On x86, position-independent code in principle looks like this:
call 1f
1: popl %ebx
followed by use of ebx as a base pointer with a displacement equal to the distance between the data to be accessed and the address of the popl instruction.
In reality it's often more complicated, and typically a tiny thunk function might be used to load the PIC register like this:
load_ebx:
movl 4(%esp),%ebx
addl $some_offset,%ebx
ret
where the offset is chosen such that, when the thunk returns, ebx contains a pointer to a designated special point in the program/library (usually the start of the global offset table), and then all subsequent ebx-relative accesses can simply use the distance between the desired data and the designated special point as the offset.
On other archs everything is similar in principle, but there may be easier ways to load the program counter. Many simply let you use the pc or ip register as an ordinary register in relative addressing modes.
In pseudo code it could look like:
lea str1(pc), r0 ; load address of string relative to the pc (assuming constant strings, maybe)
st r0, test ; save the address in test (test could also be PIC, in which case it could be relative
; to some register)
A lot depends on your compiler and CPU architecture, as the previous answer stated. One way to find out would be to compile with the appropriate flags (-PIC -S for gcc) and look at the assembly language you get.
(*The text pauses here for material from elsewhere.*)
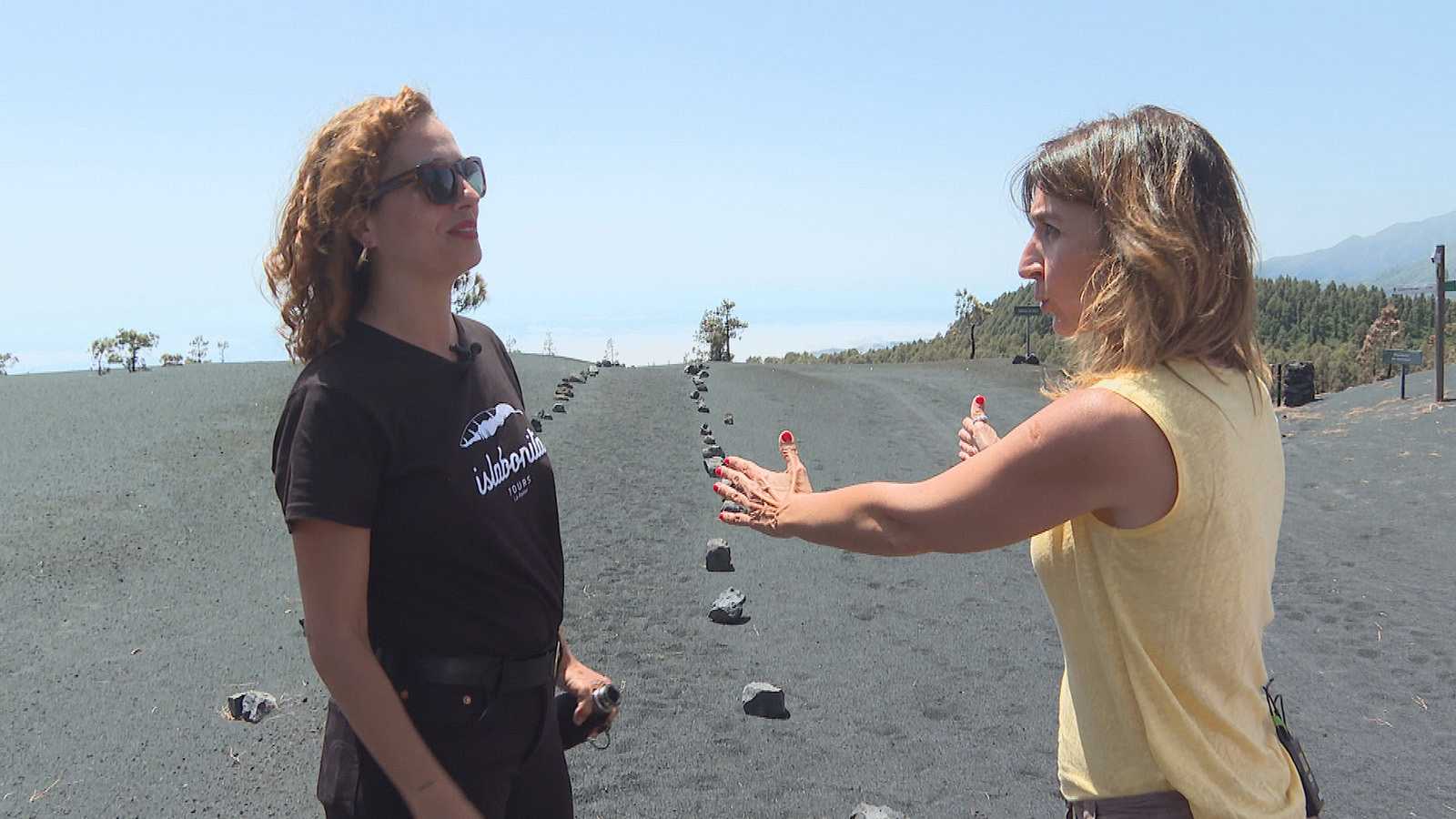Viaje al cráter de Cumbre Vieja de La Palma, y a la Málaga más tropical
How does a pointer look like in assembly, I know a instruction like 'mov' for lets say a pic, is converted to a sequence of bits, these bits activate the circuits to do the job, but a pointer, how is it managed to assembly and then manage to control circuits?.
a simngle pointer is transformed in several assembly instructions, how do they look like?
Pointer is nothing but a unsigned integer indicating position in a memory (virtual address space to be precise).
The instruction
mov eax,[ebp]
Moves value stored in a memory location whose address is stored in ebp into eax. Here ebp is a pointer.
Coming back to your question. Code is also data stored somewhere in memory and address of that memory is pointer. So using [] for dereferencing the pointer we can get that instruction(as done in above statement) and then cpu can interpret the code and execute.
Actually on 32bit x36 machines register eip stores a pointer which points to the memory which got current instruction which is getting executed.
The main feature of assembly is that a pointer can be present as label so that assemblers compiler can translate it to instructions op-code.
Actually any pointer is composed from one or more unsigned integers. At 8 bit PIC16 MCPUs you must first set appropriate memory bank, after that you can write in to memory, the reason is that address op-code size is only 7-bit in case that you are using direct memory addressing. You can also use indirect memory addressing in that case you must use FSR register that is composed from two 8-bit registers FSRL and FSRH. After setting pointer in FSR register you can read the result in INDF register as byte of that address.
Pointers are memory offsets. They look like integers with a width appropriate for the addressable size of the memory segment.